Thursday, February 9, 2012

Taiwanese Traditions: The Lantern Festival

Lanterns from last years Lantern Festival

For the second year in a row, my wife and I have tried to make it to the Lantern Festival in our community.  Last year, it was on Sunday, which make it impossible for us to go, but this year it was on Monday.  The weather was beautiful that day, too.  Monday is the day we usually plan to go somewhere and do something.  We went, but we couldn't find it.

It was interesting because we went on the Taoyuan County website, and they talked about it being on Nankan Creek, but it wasn’t too specific about what part of the creek.  I would have thought that someone could have put a Google map on there to show where to go, but they didn’t.  I’m making myself a promise right here; right now, that next year I will make it to the festival.  To me, it’s the most interesting of all the festivals, which happen in Taiwan.  There is one other celebration that holds an interest for me, the Yan Shui Fireworks festival where they fire fireworks right at you.  You see people wearing heavy clothing and their motorcycle helmets while the fireworks smash against them.  That would be fun to see but I’m not sure about participating.  I’m old and slow and I think I’d be a sitting duck.
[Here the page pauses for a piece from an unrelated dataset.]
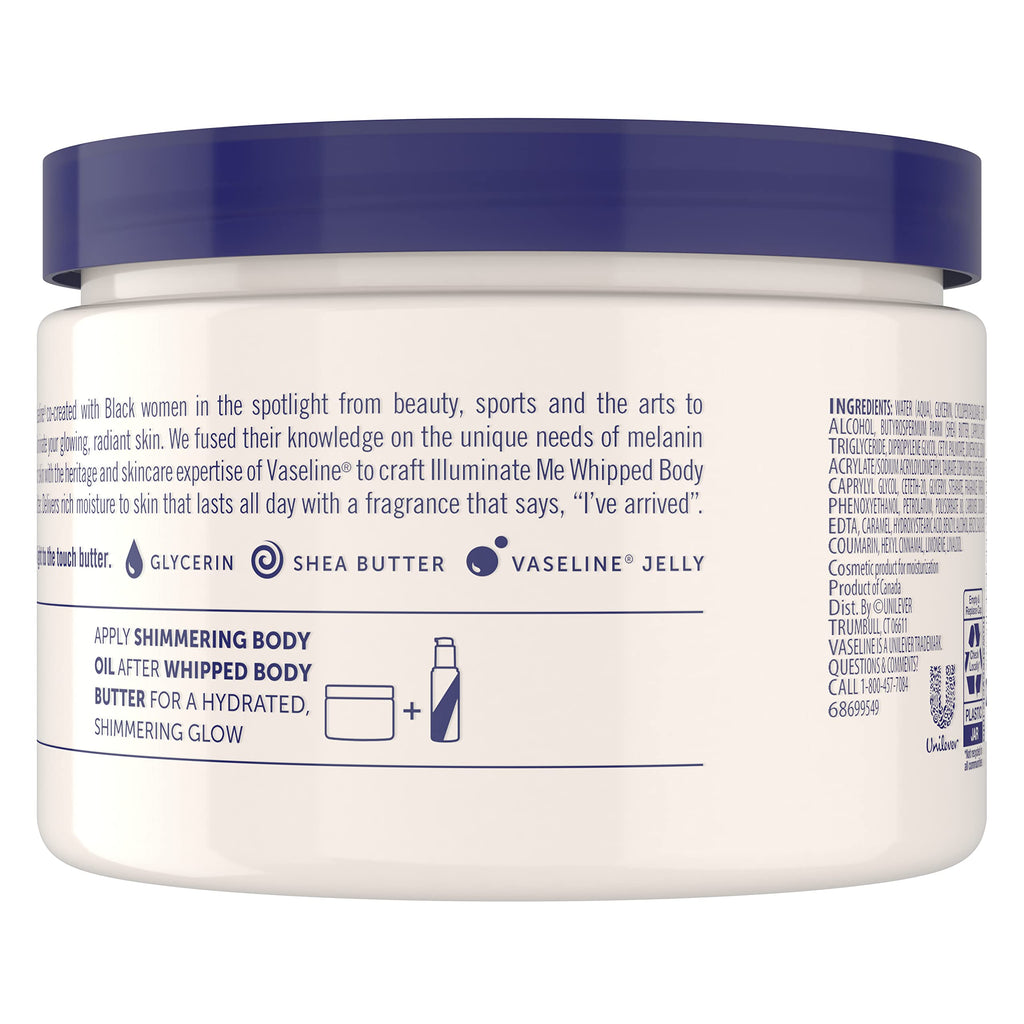 Vaseline Illuminate Me Whipped Body Butter 2-Pack – Lightweight Moisturizer for Luminous Skin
Lantern from the Year of the Rabbit
The Lantern Festival usually lasts about a month or couple of weeks, this year in Taoyuan County the festival lasted from January 28 through February 6, and is sometimes called, “little New Year.”  The Lunar New Year is, of course, the Big New Year.

There are a number of legends associated with the origin of this festival.  Many of the legends are associated with relationships between people and their gods. I found one of them to be very interesting:

The first is a legend that tells of a beautiful crane that flew from heaven to earthy.  When the crane landed on earth the people of a certain village killed it.  The Jade Emperor (The Emperor of Heaven) was angry and sent an army to destroy the people and the village.  Apparently the crane was the Jade Emperor’s favorite bird, so his plan was to destroy the village through a storm of fire on the fifteenth day of the first month according to the lunar calendar.

The Jade Emperor’s daughter warned the village of their impending disaster so that they could prepare.  The village people were frantic because thy had no idea how to turn away the wrath of the Jade Emperor until one wise man came up with an idea.  He said to hang lanterns and light bonfires throughout the city, so that when the soldiers arrived, they would think the village was already ablaze and leave without further damage.  The villagers embarked on that particular plan and the village was saved.

The interesting thing to me is the similarity to the legend surrounding the origin of the Chinese New Year traditions.  See Taiwanese Traditions:  Chinese New Year:  The Legend of Nian.

There are a number of ways that the lantern festival is celebrated in modern Taiwan.  This year, the Taoyuan Lantern Festival was an aquatic festival, where lanterns were lit and floated in Nankan Creek.  In Pingxi, the lanterns were lit and released into the sky. And In Yanshui, fireworks were lit and flew through the crowd.  In each, there are lanterns that are made.  Many are complex works of art that depict people and animals, as well as the sky lanterns on which are written wishes for the new year.  These are lit and released into the sky.  There are also lanterns on which riddles are written and children sped time to solve the riddles. 

The Beautiful Crane of the legend
It is a fun time where families and friends get together and enjoy each other.  There is also a romantic feeling as young couples stroll together and spend time together.  In the early days this was the time when young people strolled the streets with their chaperones in the hopes of finding a spouse.  Matchmakers were busy in the weeks prior to the Lantern Festival trying to find the best matches for the young people.  As marriages in Taiwan are no longer arranged this part of the festival has disappeared.  Now young people enjoy the festival with their lovers.